*** Opening of Information supplied ***

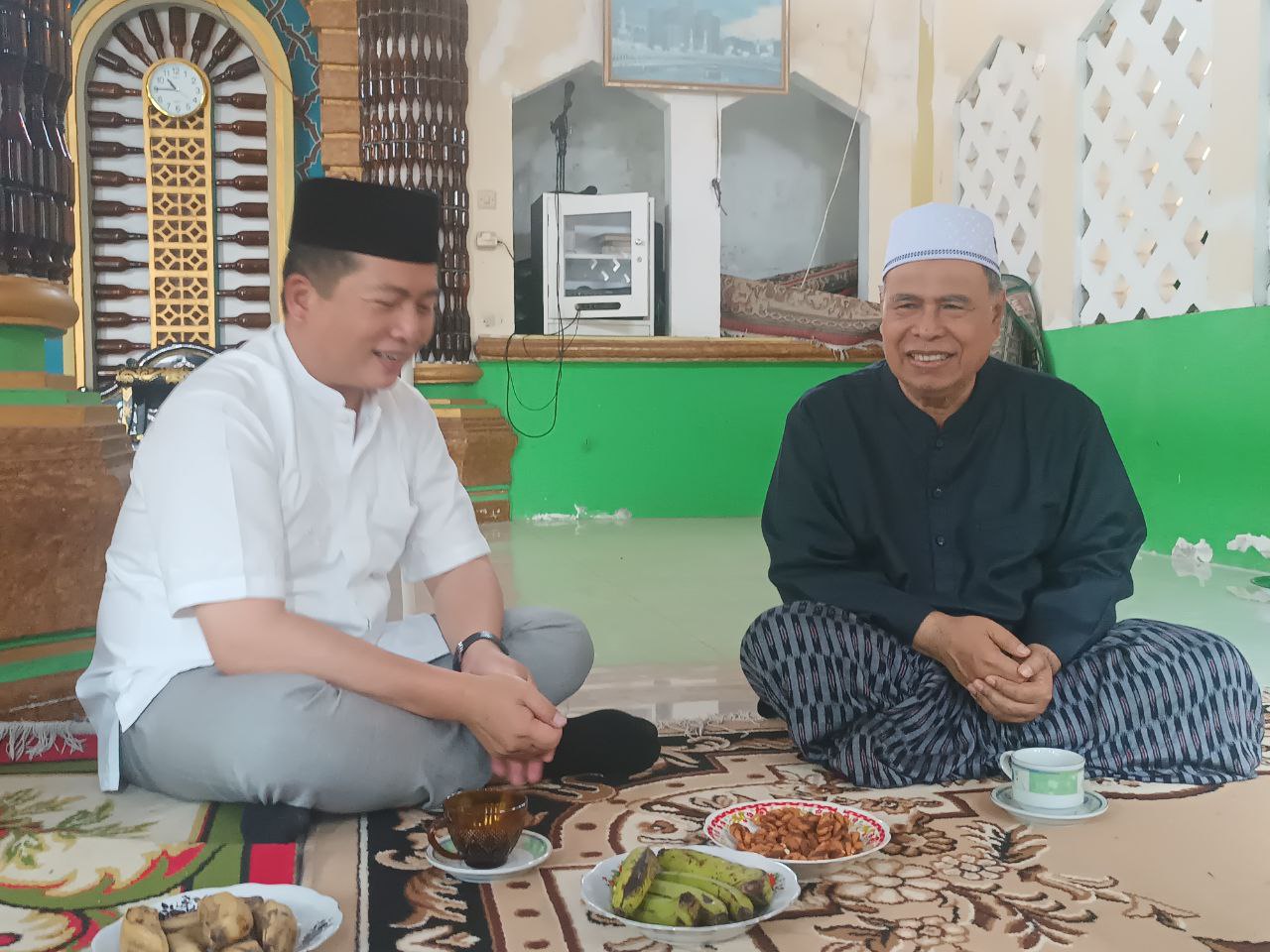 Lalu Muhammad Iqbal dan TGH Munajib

*** Close of Information supplied ***
*** Opening of Information supplied ***

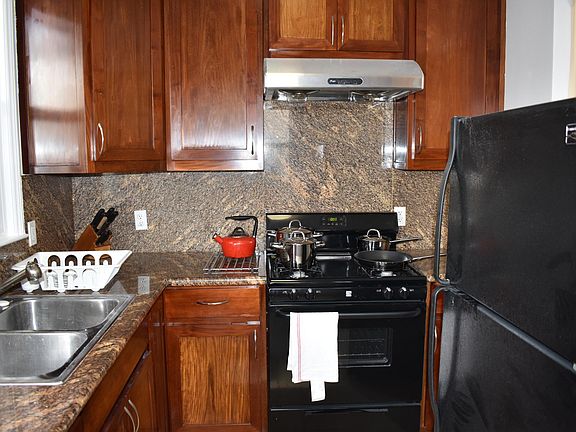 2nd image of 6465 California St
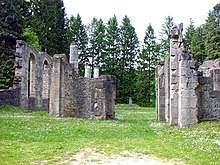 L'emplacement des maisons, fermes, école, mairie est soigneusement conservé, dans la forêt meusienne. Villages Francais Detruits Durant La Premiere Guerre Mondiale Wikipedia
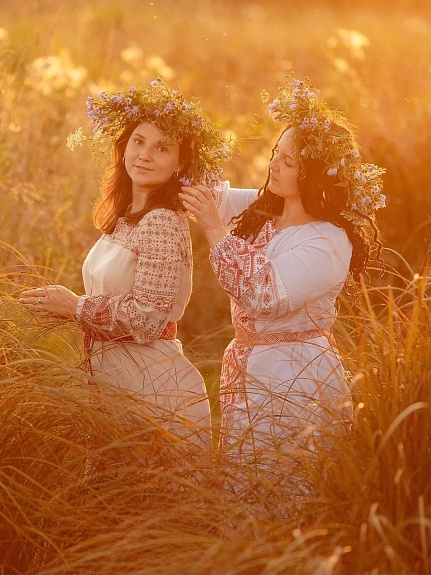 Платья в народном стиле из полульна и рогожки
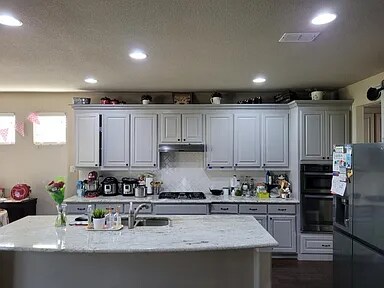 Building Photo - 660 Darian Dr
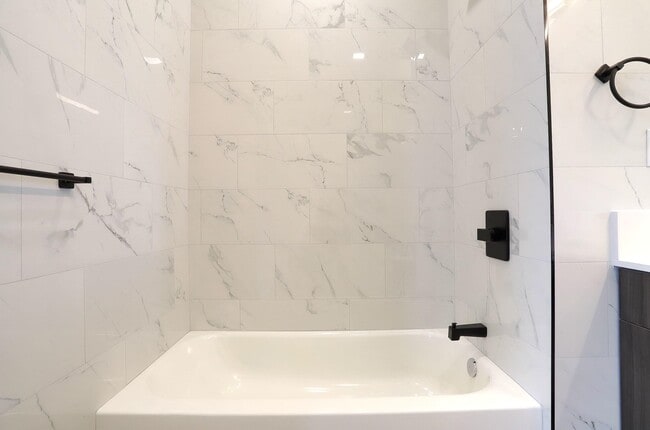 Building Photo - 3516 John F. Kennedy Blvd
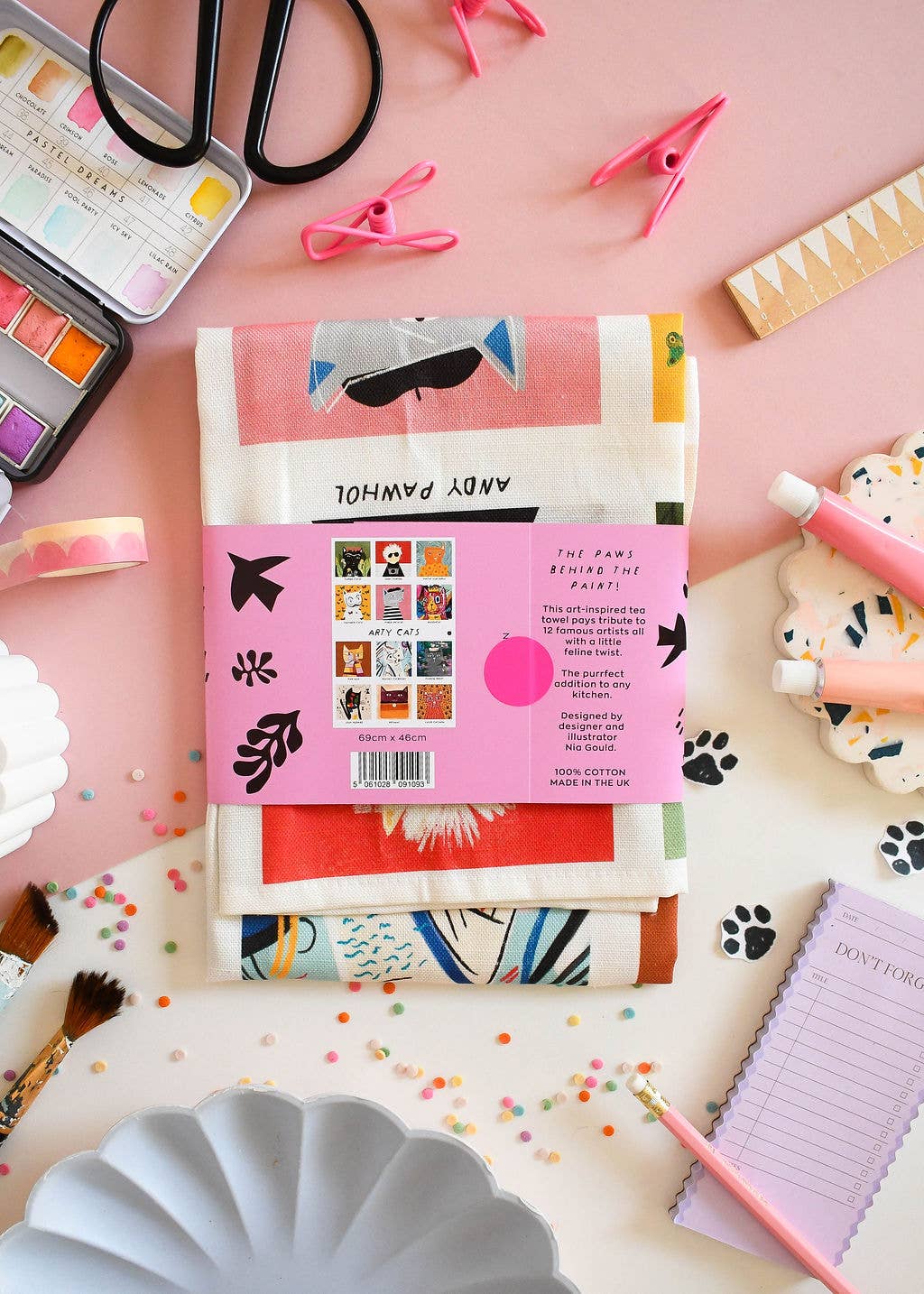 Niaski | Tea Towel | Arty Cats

*** Close of Information supplied ***
*** Opening of Information supplied ***

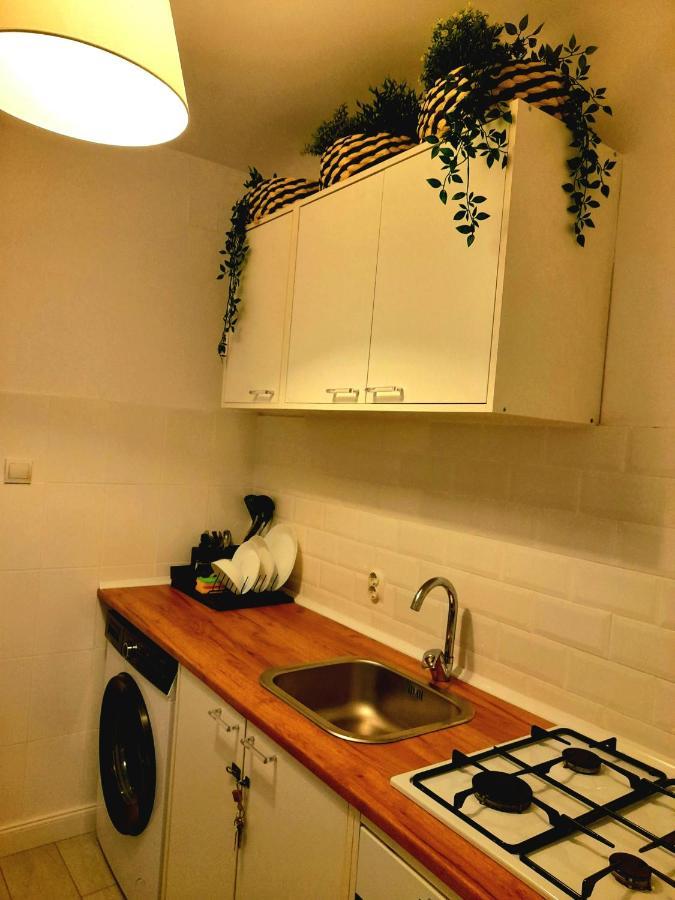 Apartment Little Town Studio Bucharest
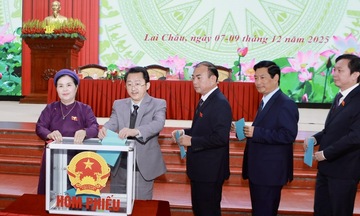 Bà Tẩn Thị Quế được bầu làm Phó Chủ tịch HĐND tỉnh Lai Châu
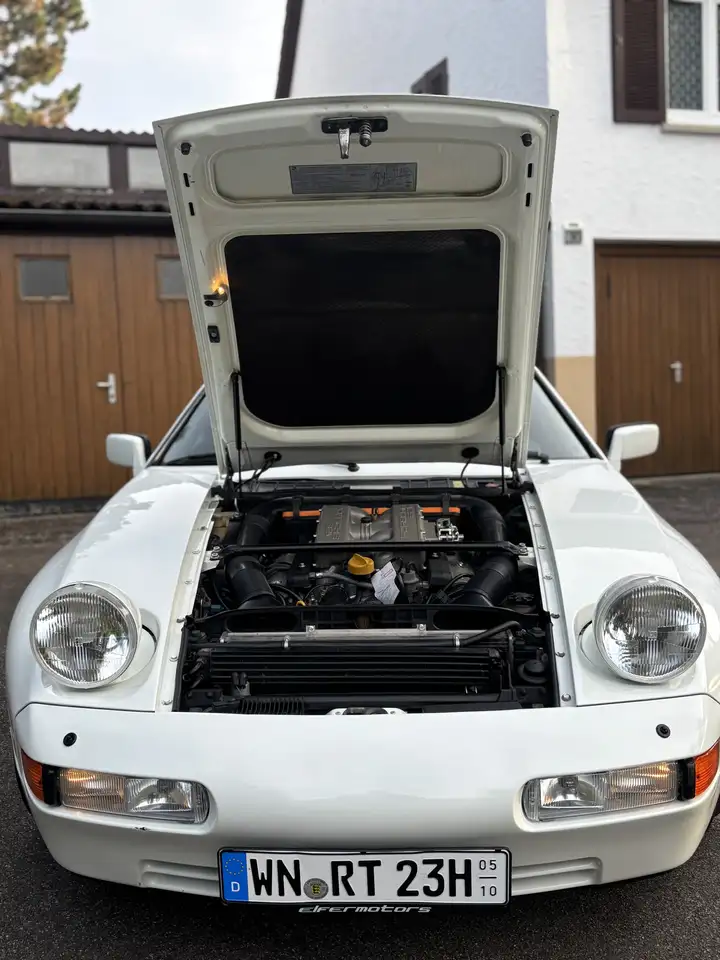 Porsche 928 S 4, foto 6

*** Close of Information supplied ***

■ Task requirements:
The copy should hold only the lines from the one with "Bà Tẩn Thị Quế" through the one with "Porsche 928 S 4, foto 6", exactly as they stand above. Leave out the pictures.

■ Result for this exercise:
 Bà Tẩn Thị Quế được bầu làm Phó Chủ tịch HĐND tỉnh Lai Châu
 Porsche 928 S 4, foto 6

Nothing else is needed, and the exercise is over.